Advanced Job Submission
This is not a complete article: This is a draft, a work in progress that is intended to be published into an article, which may or may not be ready for inclusion in the main wiki. It should not necessarily be considered factual or authoritative.
Submitting Numerous Compute Tasks
In case you have multiple data files to process with many different combinations of parameters, you should not have to create and submit thousands of job scripts to the scheduler. Here are three proposed tools to answer this kind of need:
- GNU Parallel: fill an entire compute node with serial compute tasks addressing multiple combinations of arguments.
- Job Arrays: a single script that represents multiple Slurm jobs, each of them identified by an integer value.
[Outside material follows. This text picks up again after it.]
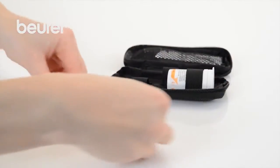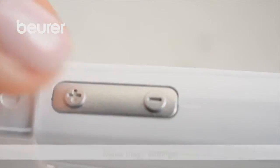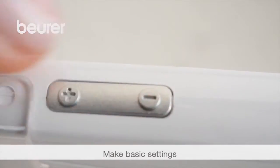Remove the battery insulating strip. Use the plus and minus buttons to set the year, then press on-off to confirm the setting.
- GLOST: the Greedy Launcher Of Small Tasks is a kind of sophisticated mix of both above tools.
- META: a suite of scripts designed in SHARCNET to automate high-throughput computing (running a large number of related serial, parallel, or GPU calculations).
Inter-job Dependencies
While Slurm jobs are building-blocks of pipelines, inter-job dependencies are the links and relationships between each step of pipelines. For example, if two different jobs need to run one after the other, the second job depends on the first one. The dependency could depend on the start time, the end time or the final status of the first job. Typically, we want the second job to be started only once the first job has succeeded:
JOBID1=$(sbatch --parsable job1.sh) # Save the first job ID sbatch --dependency=afterok:$JOBID1 job2.sh # Submit a job with a dependency to the first job
Note:
- Multiple jobs can have the same dependency (multiple jobs are waiting after one job)
- A job can have multiple dependencies (one job is waiting after multiple jobs)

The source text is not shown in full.